Martyn (Deijkers) launched his electronic music career back in 1996, playing Drum n Bass in his hometown Eindhoven after hearing an Ed Rush set. He released his first record as a DnB artist in 2005 but by 2007 he fell in with a new crowd as Dubstep would make its mark on the world. He released his first album, “Great Lengths” during that time, which in many ways became an epithet for the genre at the arc of its narrative. His second LP “Ghost People” was an instant critical success and where Great lengths introduced Martyn to the world, the sohpomore established him as one of the greatest producers of his generation.
As the walls around Dubstep started to crumble, letting in a new flood of influences and its major players moved on to other aspects of music, it would also be a catalyst for Martyn’s next phase as a producer.
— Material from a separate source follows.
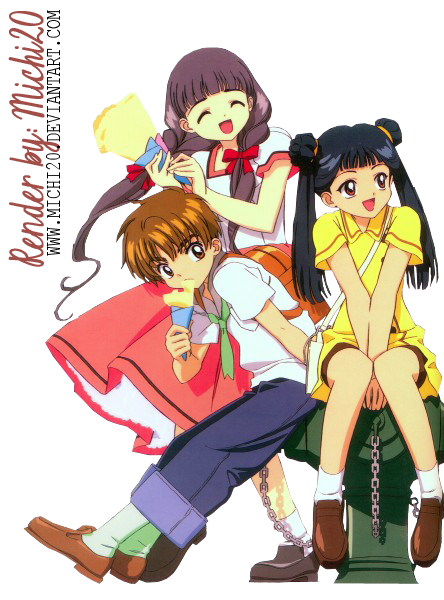 Shaoran, Tomoyo y Meilin-Render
Leaning on influences of early House and Techno with the studio prowess of Drum n Bass, with significant hints of Garage and Dubstep, Martyn’s music became an amalgam of his all things past, present and future. By his third album, “The Air Between Words”, he’d beyond what had been dubbed Bass music by the pundits, with that effects can be discerned through the larger narrative of electronic music, inspiring a whole new generation of artists and musician.
Martyn’s innovative ear as a producer and his transient influences as a DJ and music enthusiast is constantly in some flux, especially on his albums and it makes for intriguing listening experiences with no two albums from his catalogue ever alike. On his fourth studio album and the first for his newly adopted home Ostgut Ton he re-affirms this position with “Voids”.
Born out of the idea of “space” that Martyn encountered on M’Boom (a seventies percussive Jazz record) while recuperating from “near-death experience”, “Voids” is still unmistakably a Martyn record with interlacing percussion rolling out from under the waves of sub-bass drawls while familiar keys and synths pad out the exterior of his productions. There’s a definitive connection between Martyn’s previous album, taking the sound and stripping it back further, while expanding on the polyrhythmic nature of his music.
While you can really M’Boom’s influence on tracks like “Mind Rain” and “Nya” with their effervescent clattering of rhythms, there’s something else we discern on the record that subverts everything else on the record as the dominant character of the record. A coldness prevails throughout “Voids” that lends a darker tone to Martyn’s music on this LP. There’s a boldness to Martyn’s music we haven’t really heard on previous albums as the producer expounds on his minimalist creations with a soupy humidity. Although there are fewer elements on “Voids” than have been on Martyn’s music in the past, the music sounds much bigger, and there’s much more taking place in the spaces between the lattice like textures.
Kicks swelter in the muggy air of the swampy bass synths while busy percussive parts puncture the higher frequencies of the tracks. Martyn’s eclectic nature still prevails and elements of Garage and Drum n Bass find some bridge to Techno and House with Martyn’s unique focus on rhythms at the fore of the whole album. There’s no universal narrative to discern from the album, but there’s a comprehensiveness to the album, which like Martyn’s previous albums set a unique tone separating it from previous LPs.
Martyn doesn’t really evolve through his albums, but each one makes its own indubitable mark on his discography, often falling into a larger narrative of musical trend that can be inferred on his music. “Voids” yet again makes a mark, but on this occasion there’s no particular zeitgeist or scene that is currently tracing an arc through music, and as such this LP stands very much on its own.